Si les Français ne consommaient que du poisson pêché localement depuis le 1er janvier, on n’en trouverait plus nulle part à partir… du 2 mai ! Cette journée de la "dépendance au poisson", calculée par l’ONG Aquaculture Stewardship Council, tombe chaque année de plus en plus tôt - elle arrivait onze jours plus tard, il y a dix ans. Elle illustre notre dépendance à l’égard des importations en matière de produits de la mer. Malgré le fait que l’Hexagone soit bordé de côtes, les deux tiers des poissons que nous consommons sont d’origine étrangère. Cela est notamment dû au fait que saumons, thons, crevettes sont de plus en plus appréciés par les Français.
>> LIRE AUSSI - Pêche post-Brexit : les Britanniques accordent 23 licences supplémentaires aux pêcheurs français
C’est en tout cas ce qu’explique Stéphan Beaucher, consultant en politiques publiques de gestion des pêches. "Le saumon fumé est devenu un produit très à la mode, il s'est énormément démocratisé sur ces quatre dernières décennies", étaye-t-il. "Il y a un engouement au niveau des besoins en protéines non grasses et d’oméga 3, plébiscités par la presse féminine et les régimes minceurs", poursuit Stéphan Beaucher.
"Nous consommons donc, aujourd’hui, 34 kilos de produits de la mer par tête. Or, la France est un petit pays producteur. On ne produit que le quart de ça. Donc la demande s'accroît sur un marché qui est déjà en déséquilibre", alerte-t-il.

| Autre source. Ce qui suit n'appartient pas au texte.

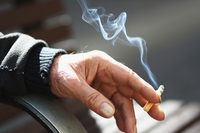 In Spagna i produttori di tabacco dovranno raccogliere i mozziconi di sigaretta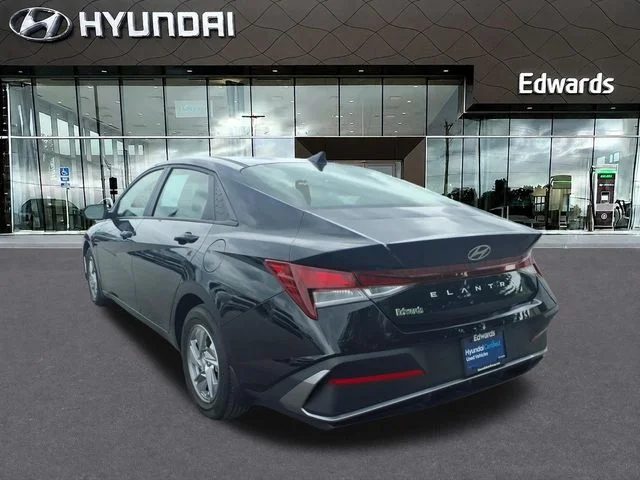 Used 2024 Black Hyundai SE image 9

La France, petit pays producteur de poissons
Ces espèces "à la mode" sont issues d’élevages en aquaculture, un secteur dans lequel la France n’est pas performante, pour des questions de partage d’espaces littoraux. Mais pour le reste des poissons, le pays est également à la traîne, pour des raisons climatiques et de gestion des stocks. "Le Danemark et le Royaume-Uni sont des pays où les eaux sont froides", avance Stéphan Beaucher. "Et plus les eaux froides, plus elles sont poissonneuses."
"D’autre part, il se trouve que les deux pays au monde qui gèrent mieux leurs stocks de cabillaud, sont l'Islande et la Norvège", enchaîne-t-il en prenant pour exemple l’un des poissons sauvages les plus consommés. "Or, ces pays-là gèrent depuis le XIXᵉ siècle leurs stocks de cabillaud. En France en revanche, c'est très, très récent. C'est apparu avec la politique commune des pêches, il y a trente ans", résume le consultant.
Le poisson local est certes à privilégier, étant donné que sa pêche est souvent plus respectueuse de l’environnement, car les émissions de CO2, liées à son transport, sont réduites. Mais, étrangers ou pas, les produits de la mer sont à consommer avec modération. Leurs stocks sont en effet limités et il ne faut pas en abuser pour laisser les écosystèmes se régénérer naturellement.